# Libretto Collections/Sources



## cheftimmyr (Oct 28, 2015)

Does anyone have recommendations on books or volumes of opera libretti that have accurate translation? 

While a lot of the recordings i've purchased come with the libretto I much prefer reading from a book format as opposed to the CD leaflet with tiny print. Also, some of the recordings I've been purchasing don't come with the libretto and I've looked on Amazon but see mixed reviews on most books with various collections of opera libretti, (negative reviews citing translation or publication quality). 

Any help is much appreciated; there have to be some good options out there right?

Of particular interest: Wagner, Mozart, Puccini, Verdi

Thx!


----------



## Pugg (Aug 8, 2014)

cheftimmyr said:


> Does anyone have recommendations on books or volumes of opera libretti that have accurate translation?
> 
> While a lot of the recordings i've purchased come with the libretto I much prefer reading from a book format as opposed to the CD leaflet with tiny print.
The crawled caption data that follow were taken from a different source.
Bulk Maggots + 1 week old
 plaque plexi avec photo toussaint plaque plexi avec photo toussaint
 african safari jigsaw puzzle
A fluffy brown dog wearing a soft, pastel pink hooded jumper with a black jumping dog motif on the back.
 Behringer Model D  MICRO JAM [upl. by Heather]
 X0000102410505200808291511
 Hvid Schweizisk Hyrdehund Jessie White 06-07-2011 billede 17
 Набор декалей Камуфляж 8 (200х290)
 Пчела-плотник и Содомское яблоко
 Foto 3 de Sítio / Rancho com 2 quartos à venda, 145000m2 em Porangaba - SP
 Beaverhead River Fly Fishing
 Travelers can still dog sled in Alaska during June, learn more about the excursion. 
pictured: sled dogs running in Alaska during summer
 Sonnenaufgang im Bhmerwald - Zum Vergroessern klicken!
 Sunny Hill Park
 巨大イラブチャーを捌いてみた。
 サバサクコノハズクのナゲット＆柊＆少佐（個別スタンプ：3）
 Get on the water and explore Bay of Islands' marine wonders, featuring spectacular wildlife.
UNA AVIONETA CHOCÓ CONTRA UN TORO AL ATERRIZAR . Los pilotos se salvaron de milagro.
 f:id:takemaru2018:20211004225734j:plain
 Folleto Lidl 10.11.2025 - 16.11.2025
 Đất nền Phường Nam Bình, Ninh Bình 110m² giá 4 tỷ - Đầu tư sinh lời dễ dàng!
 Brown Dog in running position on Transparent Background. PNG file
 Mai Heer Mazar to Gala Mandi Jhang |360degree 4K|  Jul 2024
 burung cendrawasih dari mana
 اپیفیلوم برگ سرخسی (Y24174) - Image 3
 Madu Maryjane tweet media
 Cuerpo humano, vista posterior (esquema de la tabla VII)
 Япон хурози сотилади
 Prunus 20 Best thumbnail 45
Also, some of the recordings I've been purchasing don't come with the libretto and I've looked on Amazon but see mixed reviews on most books with various collections of opera libretti, (negative reviews citing translation or publication quality).
> 
> ...


Mostly the original languages are hard to translate, so translators doing the best they can.
I did a lot of digging in my local library, then you can make up your own mind if you like it or not :tiphat:


----------